**Exercise goal**
Determine how many lines in the data below contain "seeds" and write only that number.

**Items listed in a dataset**
►

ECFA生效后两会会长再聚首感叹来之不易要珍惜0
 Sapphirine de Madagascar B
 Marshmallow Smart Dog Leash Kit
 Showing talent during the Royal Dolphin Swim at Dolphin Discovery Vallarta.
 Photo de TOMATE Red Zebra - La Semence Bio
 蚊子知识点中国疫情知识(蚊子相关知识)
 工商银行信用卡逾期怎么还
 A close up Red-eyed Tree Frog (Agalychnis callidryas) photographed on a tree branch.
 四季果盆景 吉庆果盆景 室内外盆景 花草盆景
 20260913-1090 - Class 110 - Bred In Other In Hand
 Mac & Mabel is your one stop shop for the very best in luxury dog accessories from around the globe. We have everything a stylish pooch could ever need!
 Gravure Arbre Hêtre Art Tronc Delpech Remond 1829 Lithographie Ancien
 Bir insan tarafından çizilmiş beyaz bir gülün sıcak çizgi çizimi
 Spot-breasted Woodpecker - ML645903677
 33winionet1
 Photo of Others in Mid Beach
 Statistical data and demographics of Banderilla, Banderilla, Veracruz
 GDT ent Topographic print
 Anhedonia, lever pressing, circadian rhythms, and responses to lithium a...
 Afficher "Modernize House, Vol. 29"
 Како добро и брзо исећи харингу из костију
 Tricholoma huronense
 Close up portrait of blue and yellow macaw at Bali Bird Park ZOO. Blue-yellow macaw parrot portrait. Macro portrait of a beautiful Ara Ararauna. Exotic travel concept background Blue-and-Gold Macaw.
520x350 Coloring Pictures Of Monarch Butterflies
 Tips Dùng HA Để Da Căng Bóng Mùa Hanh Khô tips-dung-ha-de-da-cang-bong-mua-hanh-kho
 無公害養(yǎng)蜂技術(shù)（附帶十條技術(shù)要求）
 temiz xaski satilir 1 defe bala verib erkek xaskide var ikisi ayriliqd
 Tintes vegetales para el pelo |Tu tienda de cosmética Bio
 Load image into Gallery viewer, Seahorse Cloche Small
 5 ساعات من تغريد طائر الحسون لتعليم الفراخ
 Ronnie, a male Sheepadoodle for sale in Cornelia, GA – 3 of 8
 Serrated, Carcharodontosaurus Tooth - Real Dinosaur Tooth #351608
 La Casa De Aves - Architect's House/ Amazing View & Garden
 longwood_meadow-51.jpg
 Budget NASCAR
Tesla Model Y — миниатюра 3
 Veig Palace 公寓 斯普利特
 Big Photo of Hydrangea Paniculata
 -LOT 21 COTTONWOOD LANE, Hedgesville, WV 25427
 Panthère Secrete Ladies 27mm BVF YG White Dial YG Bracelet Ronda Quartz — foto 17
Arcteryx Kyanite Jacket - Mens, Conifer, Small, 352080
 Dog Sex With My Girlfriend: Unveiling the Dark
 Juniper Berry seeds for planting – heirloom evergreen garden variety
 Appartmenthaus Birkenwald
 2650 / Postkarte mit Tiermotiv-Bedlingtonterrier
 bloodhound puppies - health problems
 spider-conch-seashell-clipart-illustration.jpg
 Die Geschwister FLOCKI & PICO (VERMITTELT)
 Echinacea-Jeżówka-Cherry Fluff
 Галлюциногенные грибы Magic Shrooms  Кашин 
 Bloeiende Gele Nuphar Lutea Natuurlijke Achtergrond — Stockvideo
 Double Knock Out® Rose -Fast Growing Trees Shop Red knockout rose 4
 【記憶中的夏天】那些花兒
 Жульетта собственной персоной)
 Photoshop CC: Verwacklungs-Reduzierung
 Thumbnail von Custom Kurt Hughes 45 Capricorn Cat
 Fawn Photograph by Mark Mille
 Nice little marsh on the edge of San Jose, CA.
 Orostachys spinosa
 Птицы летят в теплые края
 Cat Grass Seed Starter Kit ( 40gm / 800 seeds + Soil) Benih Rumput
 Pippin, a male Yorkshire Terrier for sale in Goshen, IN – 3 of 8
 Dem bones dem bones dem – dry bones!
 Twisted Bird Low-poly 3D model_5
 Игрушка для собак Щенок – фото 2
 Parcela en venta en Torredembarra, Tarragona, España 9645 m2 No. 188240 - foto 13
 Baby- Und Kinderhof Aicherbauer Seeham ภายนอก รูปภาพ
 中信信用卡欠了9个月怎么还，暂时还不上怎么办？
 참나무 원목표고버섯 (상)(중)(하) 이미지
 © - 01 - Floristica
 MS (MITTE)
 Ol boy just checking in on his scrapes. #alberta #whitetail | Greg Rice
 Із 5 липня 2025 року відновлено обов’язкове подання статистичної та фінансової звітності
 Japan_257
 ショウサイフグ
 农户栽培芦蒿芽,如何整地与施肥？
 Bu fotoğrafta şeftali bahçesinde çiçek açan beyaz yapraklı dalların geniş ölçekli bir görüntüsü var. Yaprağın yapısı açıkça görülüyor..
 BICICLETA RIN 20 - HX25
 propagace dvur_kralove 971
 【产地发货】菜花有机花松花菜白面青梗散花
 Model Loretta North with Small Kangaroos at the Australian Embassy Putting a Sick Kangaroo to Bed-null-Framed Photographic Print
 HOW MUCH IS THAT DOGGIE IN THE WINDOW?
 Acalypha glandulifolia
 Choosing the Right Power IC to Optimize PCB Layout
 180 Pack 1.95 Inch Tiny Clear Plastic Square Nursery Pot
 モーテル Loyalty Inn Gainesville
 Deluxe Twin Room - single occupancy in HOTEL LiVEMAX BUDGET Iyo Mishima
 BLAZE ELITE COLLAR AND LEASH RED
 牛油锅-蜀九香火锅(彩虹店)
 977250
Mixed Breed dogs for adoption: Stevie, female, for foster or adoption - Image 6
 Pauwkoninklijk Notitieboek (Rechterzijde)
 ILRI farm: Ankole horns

◄

**Task output**
2